# Distance of point from plane

Let the equation of a plane be ax + by + cz + d = 0

When P and Q are on the same side of the plane

⇒ $$\frac{a{{x}_{1}}+b{{y}_{1}}+c{{z}_{1}}+d}{a{{x}_{2}}+b{{y}_{2}}+c{{z}_{2}}+d}<0$$

⇒ $$\frac{a{{x}_{1}}+b{{y}_{1}}+c{{z}_{1}}+d}{a{{x}_{2}}+b{{y}_{2}}+c{{z}_{2}}+d}>0$$

⇒ ax1 + by1 + cz1 + d and ax2 +by2 + cz2 + d are of the same sign.

When P and Q are on the opposite side of the plane

⇒ $$\frac{a{{x}_{1}}+b{{y}_{1}}+c{{z}_{1}}+d}{a{{x}_{2}}+b{{y}_{2}}+c{{z}_{2}}+d}<0$$

⇒ ax1 + by1 +cz1 + d and ax2 + by2 + cz2+ d are of opposite sign.

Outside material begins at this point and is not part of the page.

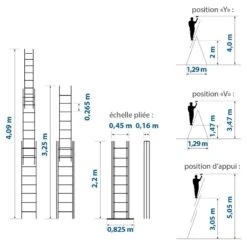 Echelle 3 Plans StablePRO 3x8 Marches Alu Hauteur Max X,xxm Hostrom -Kobleo echelle 3 plans stablepro 3x8 marches hauteur travail max 5 05m hostrom 2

Perpendicular Distance of a point from a plane: The length of the perpendicular from the point P (x1, y1, z1) on the plane ax + by + cz + d = 0 is $$\frac{\left| a{{x}_{1}}+b{{y}_{1}}+c{{z}_{1}}+d \right|}{\sqrt{{{a}^{2}}+{{b}^{2}}+{{c}^{2}}}}$$.

Distance between Parallel Planes:

Let ax1 + by1 + cz1 + d = 0 … (i)

And, ax2 + by2 + cz2 + d = 0 … (ii)

Be two parallel planes

Then, the distance between them $$\frac{\left| {{d}_{1}}-{{d}_{2}} \right|}{\sqrt{a_{1}^{2}+b_{1}^{2}+c_{1}^{2}}}$$.

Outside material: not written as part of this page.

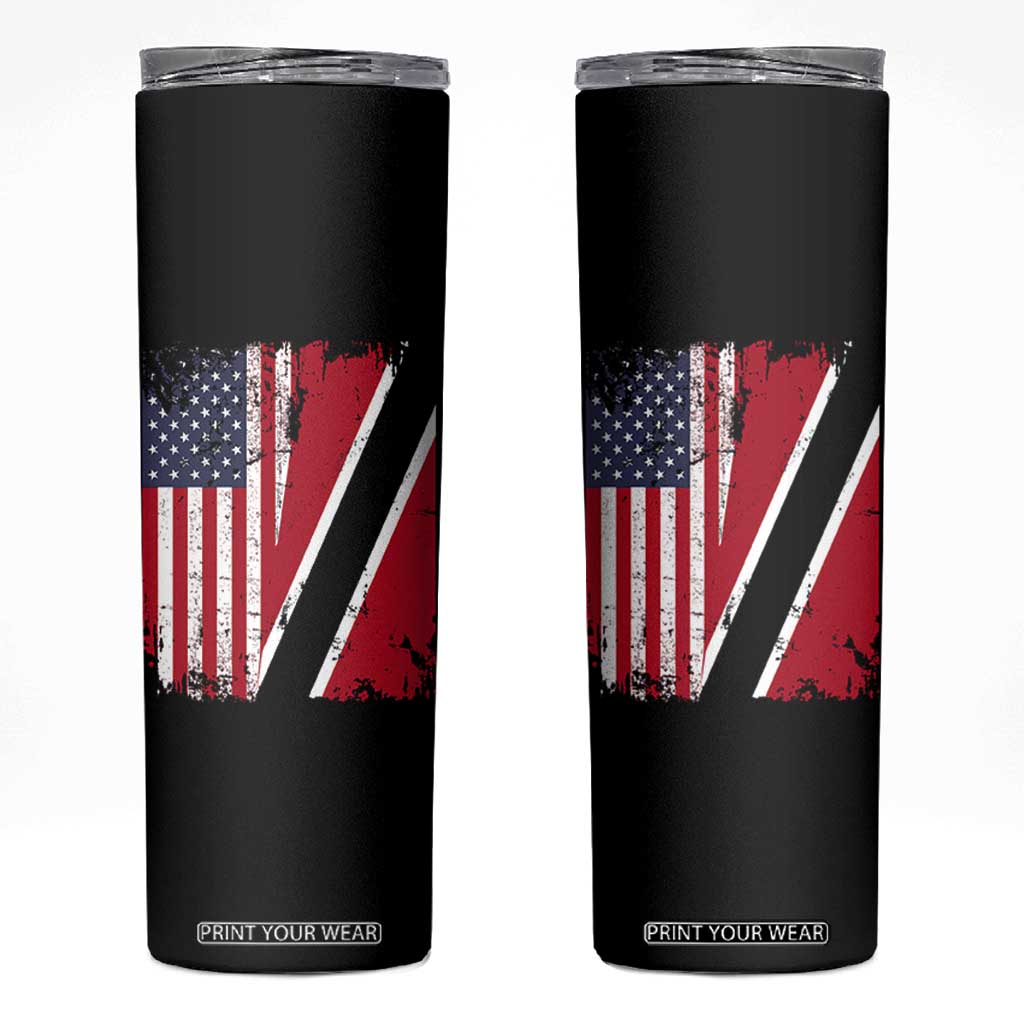 USA Trinidad and Tobago Skinny Tumbler Retro Vintage American Trini Pride Flag TS10 Black Print Your Wear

Image of a Point in a Plane: Let P an Q be two points and let π be a plane such that

i) Line PQ is perpendicular to the plane π, and

ii) Mid-point of PQ lies on the plane π. Then either of the point is the image of the other in the plane π. In order to find the image of a point in a given plane. We may use the following algorithm

Algorithm:

Step I: Write the equations of the line passing through P and normal – to the given plane as $$\frac{x-{{x}_{1}}}{a}=\frac{y-{{y}_{1}}}{b}=\frac{z-{{z}_{1}}}{c}$$.

Step II: Write the coordinates of image Q as (x1 + ar, y1 + br, z1 + cr).

Step III: Find the coordinates of the mid-point R of PQ.

Step IV: Obtain the value of r by putting the coordinates of R in the equation of the plane.

Step V: Put the value of r in the coordinates of Q.

Example: Find the image of the point (3, -2, 1) in the plane 3x – y + 4z = 2.

Solution: Let Q be the image of the point P (3, -2, 1) in the plane 3x – y + 4z = 2. Then, PQ is normal to the plane.

Therefore, direction ratios of PQ are 3, -1, 4. Since PQ passes through P (3, -2, 1) and has direction ratios 3, -1, 4. Therefore, its equations is $$\frac{x-3}{3}=\frac{y+2}{-1}=\frac{z-1}{4}=r$$.